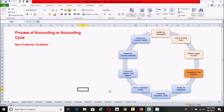Hi guys, welcome back to my channel. This video is the fifth video of this series and covers the fourth step of the accounting cycle. We will talk about the fourth step, that is the trial balance or unadjusted trial balance. You can see on the right side of this sheet in this image. We have already completed three steps of the cycle, and today we have come to the fourth step.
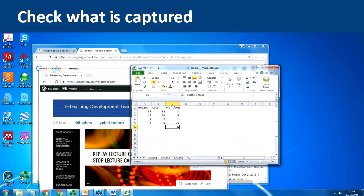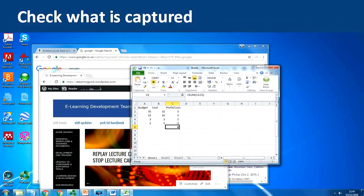Any questions on that before we move on to the final part of the webinar? If you're alright give me a thumbs up or type in your question. Okay, I want to show you a couple of examples now. I've just put a link in the text chat box — if you click that link it will prompt you to log in with your standard University of York username and password, and that is an example capture which I recorded on a mobile phone. I'll just give you a few seconds to look at that.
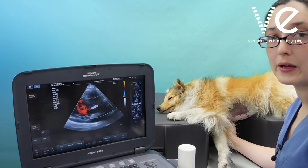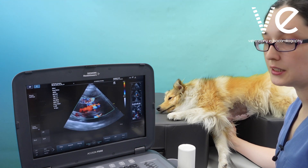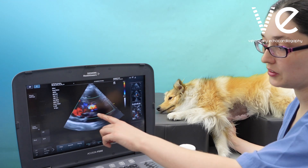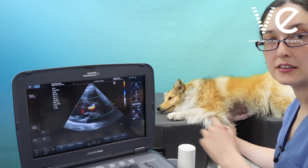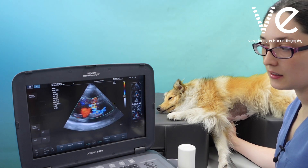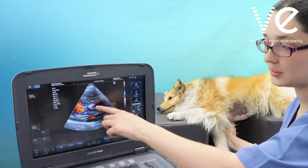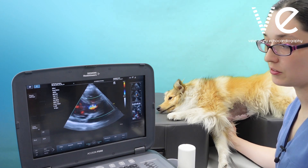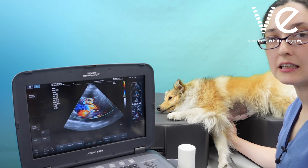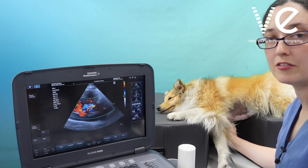In this dog we actually have two jets — one is the aortic regurgitant jet and one is a shunt through a ventricular septal defect.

THE PROBLEM:
Write out the data exactly, and exclude every picture it holds.

TASK RESULT:
Hi guys, welcome back to my channel. This video is the fifth video of this series and covers the fourth step of the accounting cycle. We will talk about the fourth step, that is the trial balance or unadjusted trial balance. You can see on the right side of this sheet in this image. We have already completed three steps of the cycle, and today we have come to the fourth step.
Any questions on that before we move on to the final part of the webinar? If you're alright give me a thumbs up or type in your question. Okay, I want to show you a couple of examples now. I've just put a link in the text chat box — if you click that link it will prompt you to log in with your standard University of York username and password, and that is an example capture which I recorded on a mobile phone. I'll just give you a few seconds to look at that.
In this dog we actually have two jets — one is the aortic regurgitant jet and one is a shunt through a ventricular septal defect.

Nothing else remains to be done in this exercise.